In this concluding part of our articles on “How Pension Funds are invested under the Multi Fund Structure”, we will be focusing on the Non-Interest Fund (Fund VI). The article will also explore some of the elements that make the fund different from the previously discussed Funds.
The increase in demand by RSA holders for the opportunity to invest their retirement savings in Non-interest instruments led to a series of engagements with other financial regulators and stakeholders towards creating a Non-Interest Fund based on Islamic Sharia Principles.
Consequently, in 2021, the Commission approved the implementation of fund VI in line with Section 7.3 of the Regulation on Investment of Pension Fund Assets issued by PenCom. The regulation aims to promote financial inclusion within the Nigerian Financial System, establish standards and procedures for managing the Fund VI by licensed PFAs. In addition, it sought to, increase the investment portfolio for better returns on pension funds and assist in expanding the coverage of the Contributory Pension Scheme (CPS) by attracting employees with reservations about investments in Non-interest instruments.
The Non-Interest Fund (Fund VI)
The Non-Interest Fund VI is a Fund type whose assets are invested in instruments that are both ethical and Non-interest as approved by the Financial Regulation Advisory Council of Experts (FRACE). The fund is designed for contributors and retirees who are interested in investments that comply with non-interest and ethical principles. The Fund is therefore divided into two, for Active for RSA Holders and Retirees respectively.

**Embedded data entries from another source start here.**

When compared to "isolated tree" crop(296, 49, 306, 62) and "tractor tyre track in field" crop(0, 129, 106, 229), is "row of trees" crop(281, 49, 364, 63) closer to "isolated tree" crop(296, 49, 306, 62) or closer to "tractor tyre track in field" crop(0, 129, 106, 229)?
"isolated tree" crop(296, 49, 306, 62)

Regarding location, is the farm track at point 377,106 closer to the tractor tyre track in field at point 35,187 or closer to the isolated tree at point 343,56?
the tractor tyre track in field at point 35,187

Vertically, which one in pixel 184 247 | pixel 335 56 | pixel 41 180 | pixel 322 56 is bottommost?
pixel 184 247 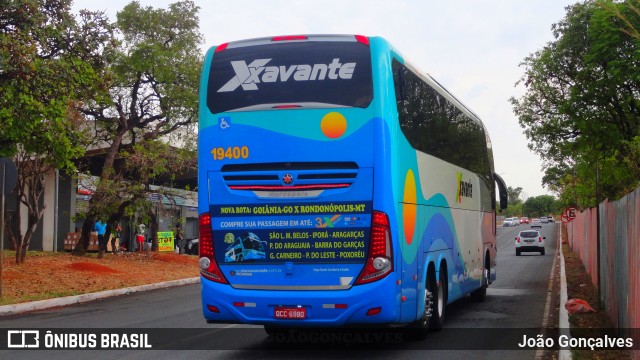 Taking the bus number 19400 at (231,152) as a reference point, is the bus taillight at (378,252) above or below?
below

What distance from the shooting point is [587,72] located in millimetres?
29984

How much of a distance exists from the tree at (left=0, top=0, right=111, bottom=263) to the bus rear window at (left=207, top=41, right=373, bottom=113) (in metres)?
8.19

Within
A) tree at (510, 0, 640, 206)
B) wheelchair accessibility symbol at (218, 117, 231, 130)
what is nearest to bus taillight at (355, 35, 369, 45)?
wheelchair accessibility symbol at (218, 117, 231, 130)

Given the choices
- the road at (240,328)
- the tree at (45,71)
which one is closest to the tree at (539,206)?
the road at (240,328)

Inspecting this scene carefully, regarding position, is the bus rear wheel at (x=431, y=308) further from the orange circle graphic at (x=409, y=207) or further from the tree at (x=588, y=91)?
the tree at (x=588, y=91)

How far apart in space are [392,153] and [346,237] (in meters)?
1.22

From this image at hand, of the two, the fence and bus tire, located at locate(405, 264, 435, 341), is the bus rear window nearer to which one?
bus tire, located at locate(405, 264, 435, 341)

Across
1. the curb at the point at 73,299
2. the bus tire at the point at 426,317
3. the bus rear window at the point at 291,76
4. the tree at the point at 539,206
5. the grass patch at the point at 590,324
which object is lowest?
the curb at the point at 73,299

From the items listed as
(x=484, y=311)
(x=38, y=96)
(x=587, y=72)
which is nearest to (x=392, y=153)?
(x=484, y=311)

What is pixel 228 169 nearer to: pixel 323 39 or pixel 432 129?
pixel 323 39

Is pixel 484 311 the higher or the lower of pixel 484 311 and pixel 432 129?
the lower

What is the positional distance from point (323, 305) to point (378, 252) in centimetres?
96

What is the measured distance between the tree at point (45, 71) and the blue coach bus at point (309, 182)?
8.43m

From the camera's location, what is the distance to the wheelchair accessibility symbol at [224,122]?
10065mm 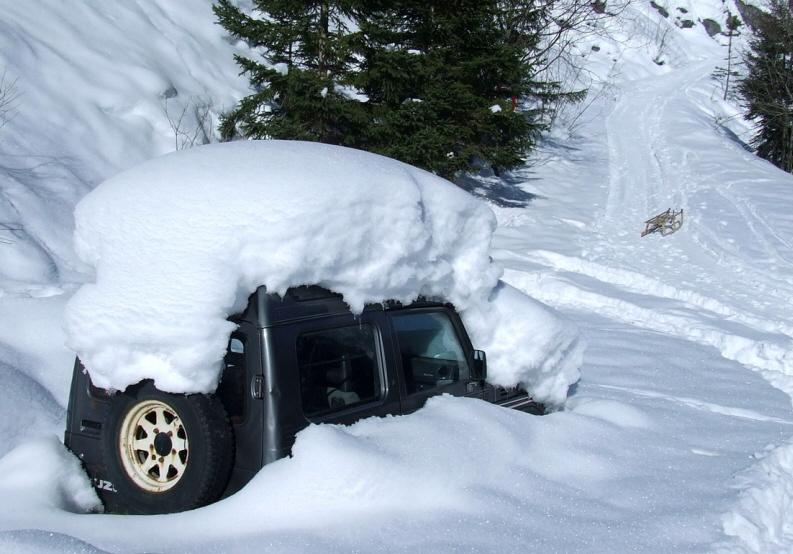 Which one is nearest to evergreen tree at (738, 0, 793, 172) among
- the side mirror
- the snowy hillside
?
the snowy hillside

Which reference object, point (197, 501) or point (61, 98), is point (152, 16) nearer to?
point (61, 98)

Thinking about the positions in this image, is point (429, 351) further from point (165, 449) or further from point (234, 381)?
point (165, 449)

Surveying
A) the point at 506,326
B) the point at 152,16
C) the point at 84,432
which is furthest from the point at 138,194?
the point at 152,16

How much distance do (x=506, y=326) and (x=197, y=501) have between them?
263cm

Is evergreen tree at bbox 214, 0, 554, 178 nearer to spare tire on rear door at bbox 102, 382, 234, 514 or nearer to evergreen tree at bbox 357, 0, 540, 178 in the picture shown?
evergreen tree at bbox 357, 0, 540, 178

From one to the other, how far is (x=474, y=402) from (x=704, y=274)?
1179 cm

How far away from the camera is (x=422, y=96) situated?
54.7ft

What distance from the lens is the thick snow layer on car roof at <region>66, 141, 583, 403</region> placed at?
3.20m

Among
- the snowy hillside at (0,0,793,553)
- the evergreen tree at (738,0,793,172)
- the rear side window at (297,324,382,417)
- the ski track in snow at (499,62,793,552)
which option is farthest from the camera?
the evergreen tree at (738,0,793,172)

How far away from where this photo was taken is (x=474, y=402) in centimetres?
422

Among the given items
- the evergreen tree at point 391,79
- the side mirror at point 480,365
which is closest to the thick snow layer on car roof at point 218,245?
the side mirror at point 480,365

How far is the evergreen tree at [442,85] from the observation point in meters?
15.3

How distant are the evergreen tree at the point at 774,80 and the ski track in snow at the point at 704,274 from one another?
25.3 feet

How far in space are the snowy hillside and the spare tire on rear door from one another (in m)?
→ 0.16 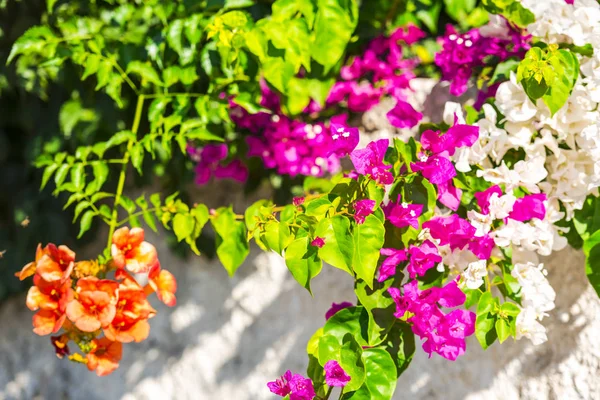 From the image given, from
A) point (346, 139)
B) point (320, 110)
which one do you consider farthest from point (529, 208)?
point (320, 110)

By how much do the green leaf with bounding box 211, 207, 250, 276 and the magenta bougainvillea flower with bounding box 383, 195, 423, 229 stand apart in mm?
397

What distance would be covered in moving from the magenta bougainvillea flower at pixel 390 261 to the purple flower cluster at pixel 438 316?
0.03m

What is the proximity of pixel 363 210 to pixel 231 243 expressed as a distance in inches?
17.9

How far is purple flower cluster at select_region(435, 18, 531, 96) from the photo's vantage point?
1.32 meters

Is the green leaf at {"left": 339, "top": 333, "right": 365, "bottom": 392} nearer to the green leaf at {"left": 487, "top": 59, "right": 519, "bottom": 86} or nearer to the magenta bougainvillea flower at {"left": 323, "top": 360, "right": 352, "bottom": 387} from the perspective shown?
the magenta bougainvillea flower at {"left": 323, "top": 360, "right": 352, "bottom": 387}

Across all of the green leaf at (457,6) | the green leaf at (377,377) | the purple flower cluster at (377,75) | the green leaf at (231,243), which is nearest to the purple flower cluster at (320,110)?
the purple flower cluster at (377,75)

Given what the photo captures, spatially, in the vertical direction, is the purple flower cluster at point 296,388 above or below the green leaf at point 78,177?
below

The Active RSA fund VI comprises contributors that are 50 years and below while the Retiree Fund VI is strictly for retirees.
Transfer from other Fund types to Fund VI
RSA holders in Funds I, II, III, and retirees in Fund IV are eligible to move their RSA contributions to Fund VI. Likewise, RSA holders in Fund VI seeking to move back to any of the Active RSA Funds i.e. Funds I, II and III, are allowed to do so. However, Retirees in Fund VI are only qualified to move back to Fund IV which is the default Retiree Fund.
To transfer from Fund VI to other Fund types, RSA holders are required to visit their respective PFAs to request the transfer of their pension savings from their existing fund to the Non-Interest Fund by completing and signing a consent form issued by the PFA. The transfer is allowed once in every 12 months and the RSA holder is not required to pay any fee.
Investment of pension assets in Fund VI
The investment portfolio for Fund VI is made up of Sharia-compliant instruments. The permissible instruments for the Investment of Fund VI assets include Corporate/ Supranational Sukuks; Government Sukuk (including Islamic Treasury Bills and Euro Sukuk) issued by the Federal Government of Nigeria, CBN or FGN Agencies, and Infrastructure Sukuk backed by FGN/CBN guarantee. Other instruments are Shari’a-compliant Money Market instruments, ordinary shares, private equity funds, and real Estate funds.
In line with Section 7.3 (a) of the investment regulation, the active RSA fund VI is invested in variable income instruments as the RSA holders are young and can bear the risk compared to Retirees. Therefore, Retiree Fund VI, are invested in fixed-income instruments to preserve the funds against market volatility considering their ages and risk appetite.
Consequently, investment of Fund VI assets is not in the production or trading of alcohol, pornography, weaponry, gambling/betting, speculation, interest-earning ventures, and other ventures of similar nature contrary to Non-interest finance principles.
Benefits to RSA holders
The implementation of Fund VI contributed to boosting the confidence of the public in the CPS, as it offers the opportunity for RSA holders to invest their retirement savings in non-interest instruments. In addition, RSA holders are offered a viable alternative to the conventional interest-based pension investment system.
The creation of the Non-Interest Fund will complement the efforts of other regulators in the financial sector in promoting the issuance of structured products that comply with the applicable principles of Non-interest finance to further provide viable investment outlets for pension funds. Pension contributors and retirees that require more information on the Non-interest fund may enquire from their PFAs and study the Operational Framework for Non-Interest Funds on the Commission’s website www.pencom.gov.ng.
This is the concluding part of our articles on the Multi-Fund investment structure for RSA funds. As earlier explained, the Multi-Fund investment structure would address the varying risk appetite of contributors, as the different funds are tailored to fit the ages and risk profiles of contributors. The multi-fund structure would also benefit the economy as a whole, as pension assets would be channelled into key areas of the economy such as infrastructure and housing.